In deze rubriek lichten we de taalonderzoekers van CGTC-wetenschap uit. Deze taalonderzoekers stelden we in een eerdere rubriek aan u voor en in de tussentijd hebben zij allerlei interessante nieuwe bevindingen gedaan over de Groninger taal en cultuur. Hoe gaat het met hen? Deze week praten we met Lourens Visser.  

Door Sisi van Halsema

Promovendus Lourens Visser weet alles over bijwoorden van graad. Dat zijn woorden als nogal, enigszins en super. ‘Of het woord über, wat in mijn middelbareschooltijd veel gezegd werd, maar nu alweer bijna verdwenen is uit het Nederlands’, vertelt Lourens. Bijwoorden van graad kunnen een ander woord versterken of verzwakken. Het woord ‘goed’ kun je bijvoorbeeld versterken door te zeggen: hartstikke goed.

Lourens is promovendus aan de Rijksuniversiteit Groningen en onderzoekt de geschiedenis van deze bijwoorden van graad in West-Germaanse talen: het Nederlands, Engels, Duits, Fries en Nedersaksisch (waar het Gronings onder valt). Hij begon zijn promotieonderzoek in september 2020. Een groot deel van zijn onderzoek bestaat uit het bestuderen van eeuwenoude bronnen, die soms nauwelijks de tand des tijds doorstaan hebben en waar soms nog maar een deel van is overgebleven.

Middeleeuwen

Afgelopen september werd bijvoorbeeld een artikel van Lourens gepubliceerd over het historisch Nedersaksisch (ook wel Oudsaksisch). Deze taal werd in de Middeleeuwen gesproken, en de oudste bronnen ervan komen uit de negende eeuw. Lees je die bronnen nu, dan zul je er weinig van snappen. Maar het is wel de voorloper van het Nedersaksisch, en dus ook van het Gronings.

Liefde

‘Dat historische aspect is mijn eerste liefde in de taalwetenschap’, vertelt Lourens. ‘Op de middelbare school vroeg ik me al af: waarom is het Duits veranderd ten opzichte van het Nederlands? Of andersom?’ Inmiddels is hij bezig met zijn laatste jaar als promovendus en komt hij steeds dichter bij een antwoord op de vraag die hij zich toen al stelde.

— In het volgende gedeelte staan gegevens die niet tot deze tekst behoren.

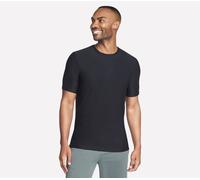 Skechers GO DRI All Day Solid camiseta en Negro, talla 2XL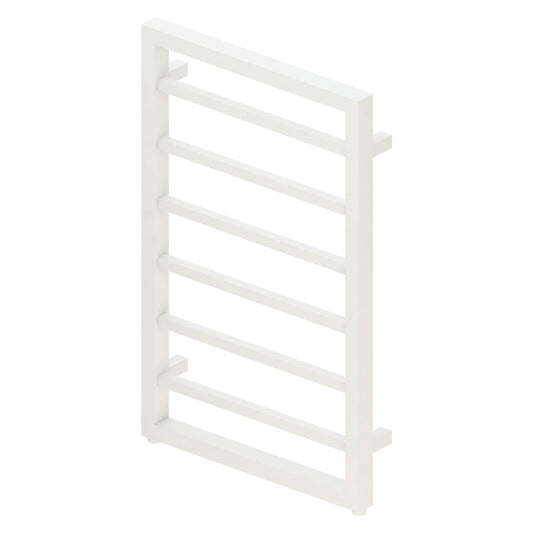 Eastbrook Ryton Electric Matt White Designer Towel Rail 800mm x 500mm 61.0002-ELE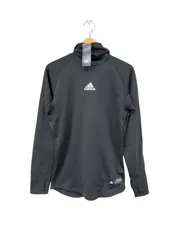 アディダス◆メンズ 野球 セカンドレイヤー パーカー 5Tフーデッドインナー ブラック
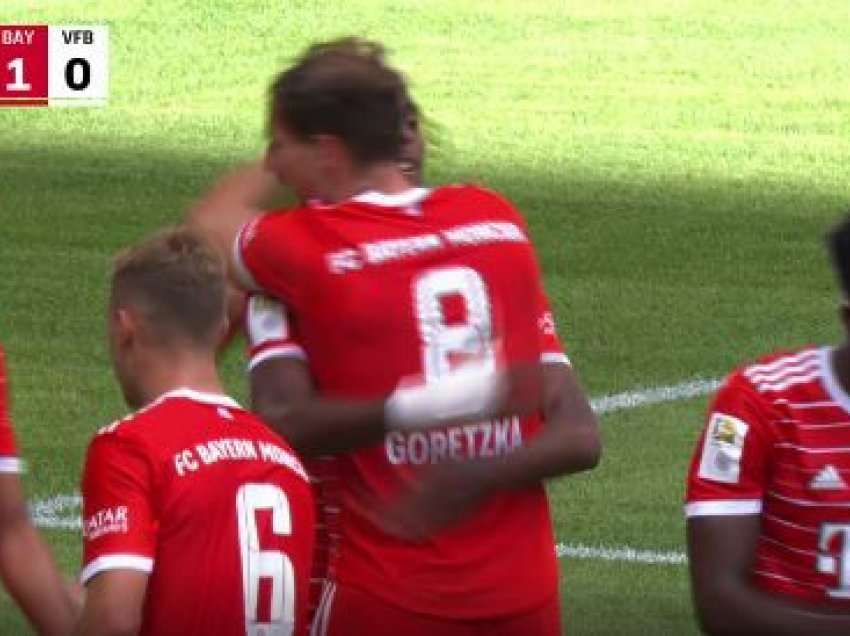 Talenti 17-vjeçar i Bayernit gjen golin e parë në Bundesligë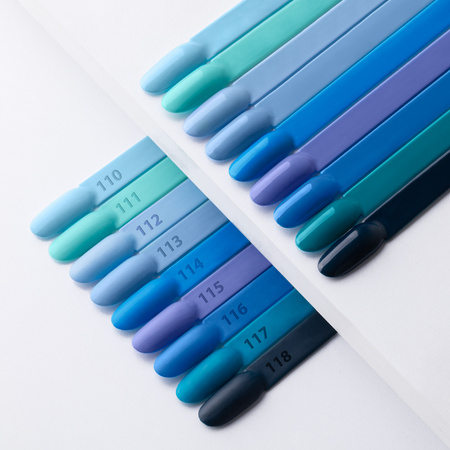 Lakier hybrydowy MollyNails Blue Sky Green Blue HEMA/Di-HEMA Free 8g Nr 117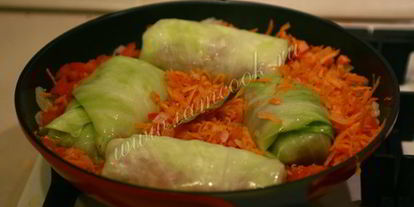 Шаг 14: голубцов с фаршем и рисом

In maart stuurde hij nog een artikel in over het Oudhoogduits (6e eeuw-1050), het Middelhoogduits (1050-1350) en het Vroegnieuwhoogduits (1350-1650). ‘Daarin keek ik onder andere naar de verspreiding over de Nederduitse dialecten, dus ook de Nedersaksische dialecten in Duitsland, en hoe bepaalde bijwoorden zich verspreid hebben.’

Zeer verwond

Een interessante bevinding die hij deed: het bijwoord ‘zeer’ (denk aan zeer goed) lijkt vanuit het Nederlands verspreid te zijn. Dus niet vanuit het Duits naar het Nederlands. Lourens legt dit uit: ‘zeer heeft oorspronkelijk een pijnbetekenis: mijn arm doet zeer. In de oudere Germaanse talen had het enkel een betekenis die met pijn te maken had: ik ben ‘zeer verwond’ bijvoorbeeld. In het Nederlands kon je destijds al wel zeggen: zeer goed. Tegenwoordig is in het Duits alleen de ‘graadbetekenis’ overgebleven. Je kunt nog wel sehr gut zeggen, maar niet mein arm tut sehr.’

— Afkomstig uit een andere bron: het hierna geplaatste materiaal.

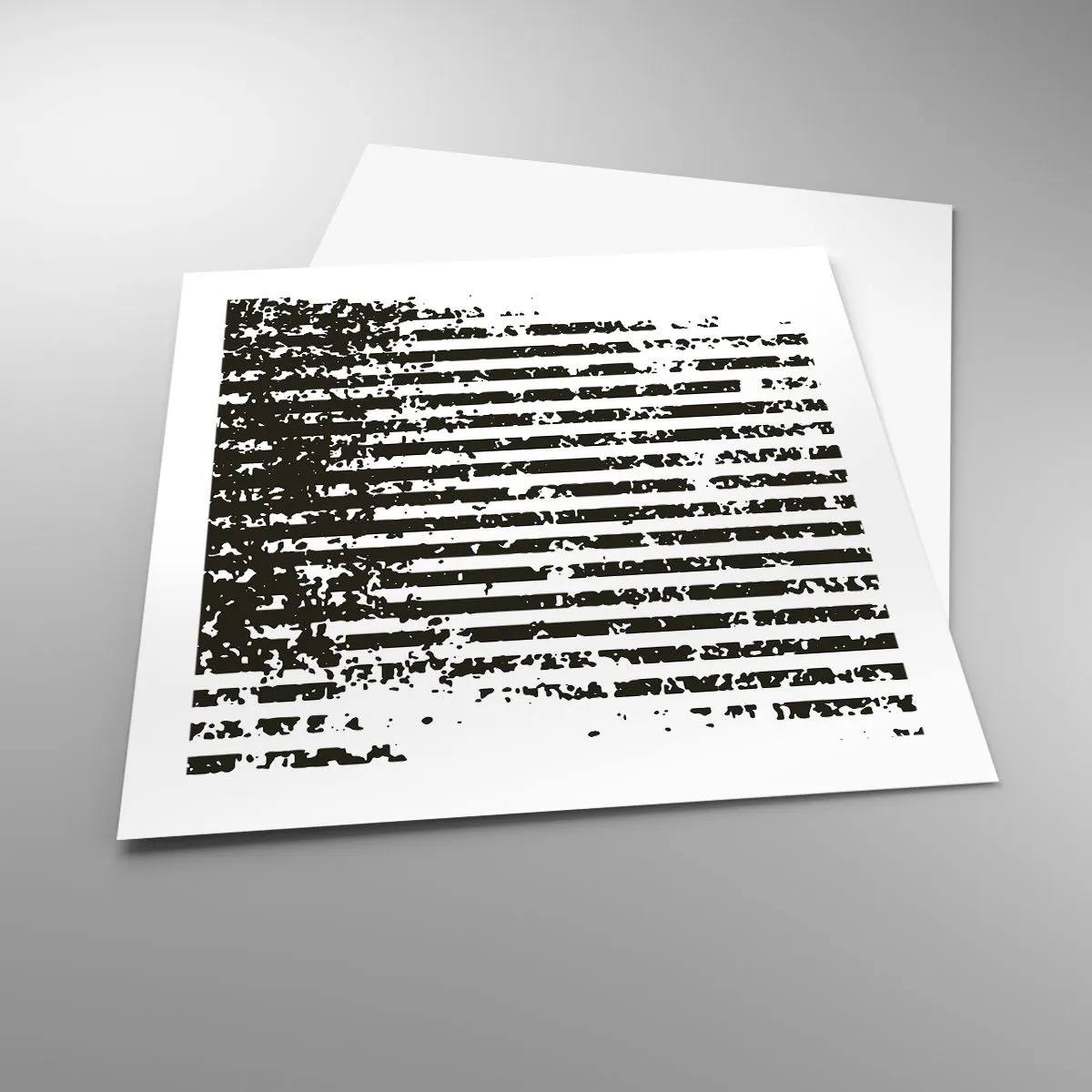 Plakat - Rytm i szum - 50x50 cm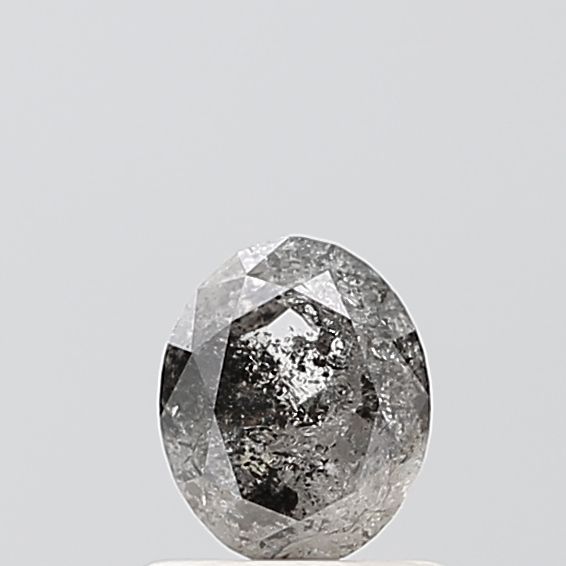 0.75 ct Oval Salt and Pepper Natural Diamond, VVS2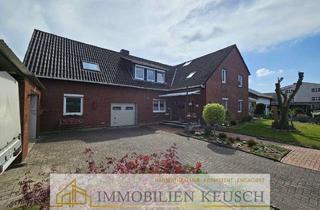 Haus kaufen in 27299 Langwedel, 2 Fam.-Haus mit viel Platz, Sonnenterrasse & großem Balkon, div. Garagen & Werkstatt & Carport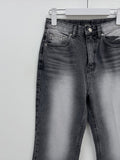 Brush Center Crease Bootcut Denim Pants
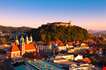 panorama-of-the-slovenian-capital-ljubljana-Panorama Of The Slovenian Capital Ljubljana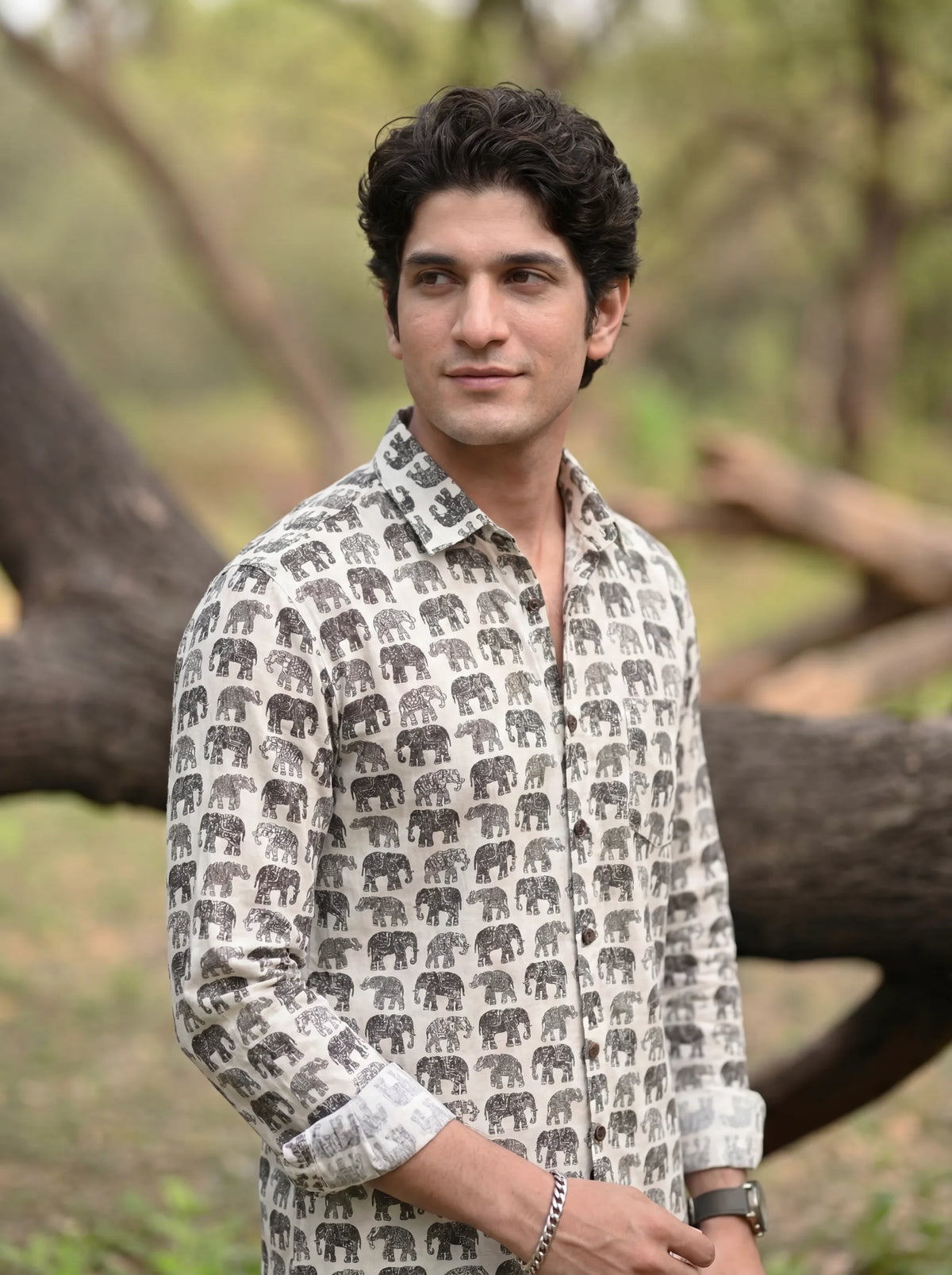 Monochrome Parade - Pure Cotton Shirt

Nederlandse invloed op het Duits

In de Heidelbergse tekst Der Karrenritter van rond 1430, is voor het eerst de verspreiding van het woord zeer te zien. Die tekst is vertaald uit het Middelnederlands. ‘Vanaf dan zie je het als een vlek over het Hoogduits en ook over het Nedersaksisch en Fries verspreiden. ‘Dat is opvallend’, zegt Lourens. ‘Omdat we het idee hadden dat het Nederlands meer invloed heeft uit het Duits dan andersom, maar dit bewijst dat er ook invloeden de andere kant op waren.’

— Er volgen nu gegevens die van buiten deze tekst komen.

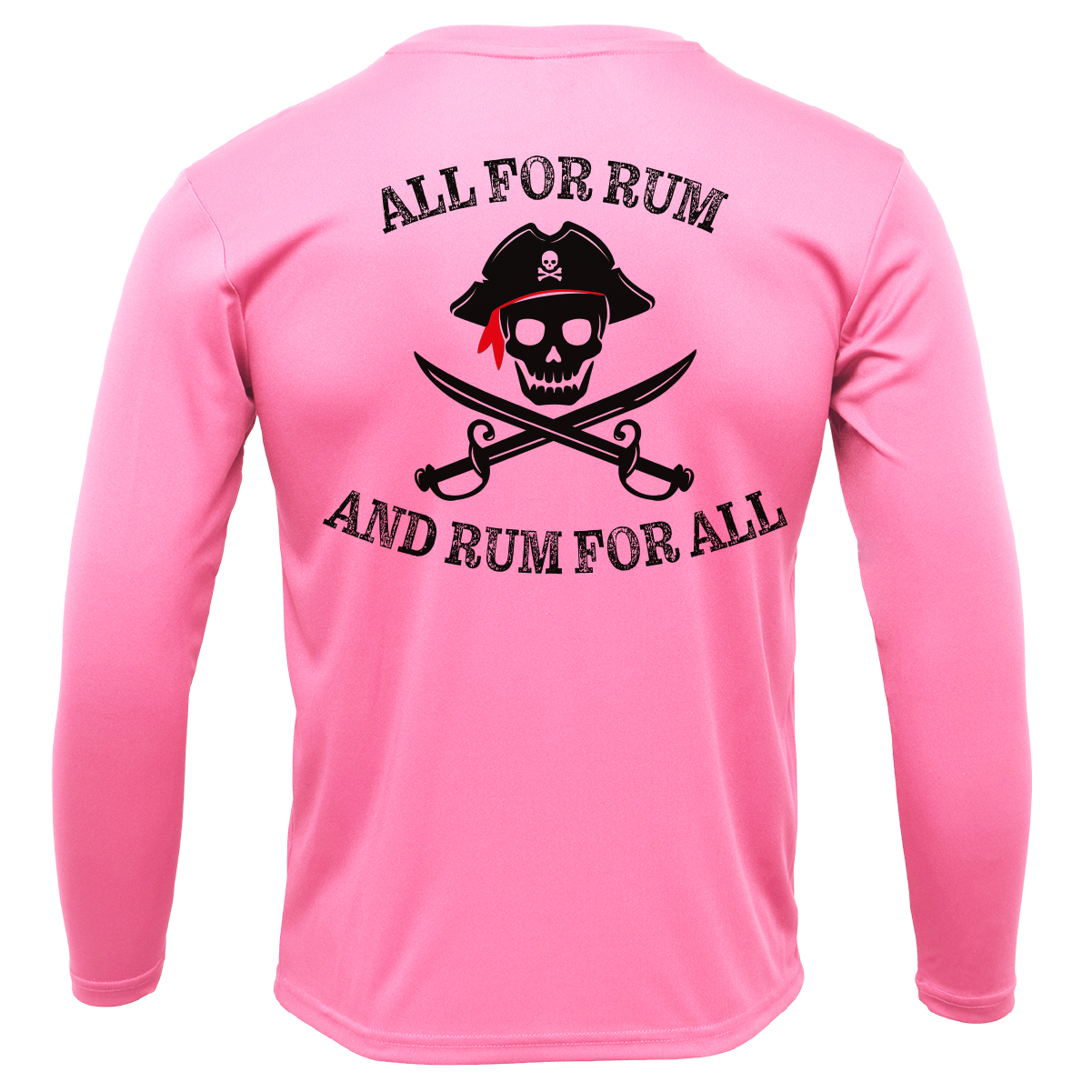 Florida Freshwater Born "All For Rum and Rum For All" Girl's Long Sleeve UPF 50+ Dry-Fit Shirt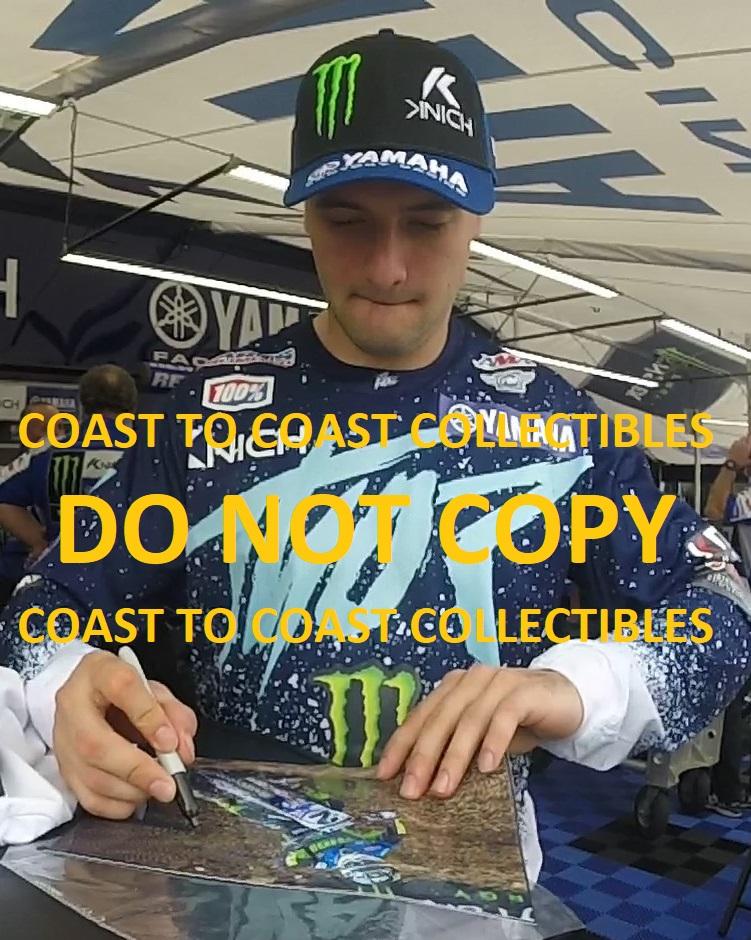 Cooper Webb Supercross, Motocross signed, autographed 8x10 photo - COA and proof photo included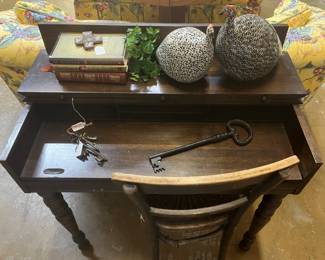 Small desk and chair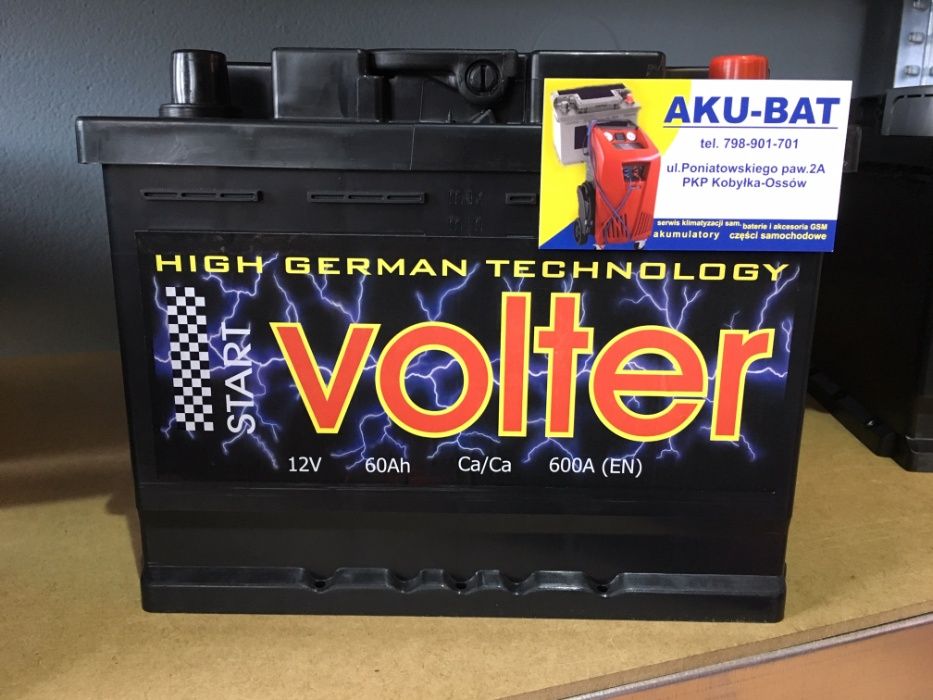 Akumulator Volter 60Ah 580A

Contact tussen Germaanse talen

Juist dit soort bevindingen maken het onderzoek van Lourens zo interessant. ‘Het kan veel zeggen over de onderlinge contactsituaties tussen de Germaanse talen. Daarnaast draagt het onderzoek van Lourens bij aan kennis over hoe bijwoorden van graad zich gedragen in een contractsituatie met andere talen. Als een woord wordt overgenomen uit een andere taal, gaat het gebruik van dat leenwoord dan ook mee? Of wordt het woord in een ander soort context gebruikt? Wordt het patroon ook mee ontleend? Het onderzoek van Lourens geeft veel bewijs dat dit laatste het geval is.

De komende tijd verschijnt er van Lourens nog een onderzoek over het Oudfries, de oudst bekende fase van het huidige Fries. En daarnaast werkt hij nog aan een artikel over het Oud- en Middelengels. Dat is het laatste artikel voordat hij promoveert. Lourens hoopt in september of oktober te kunnen promoveren.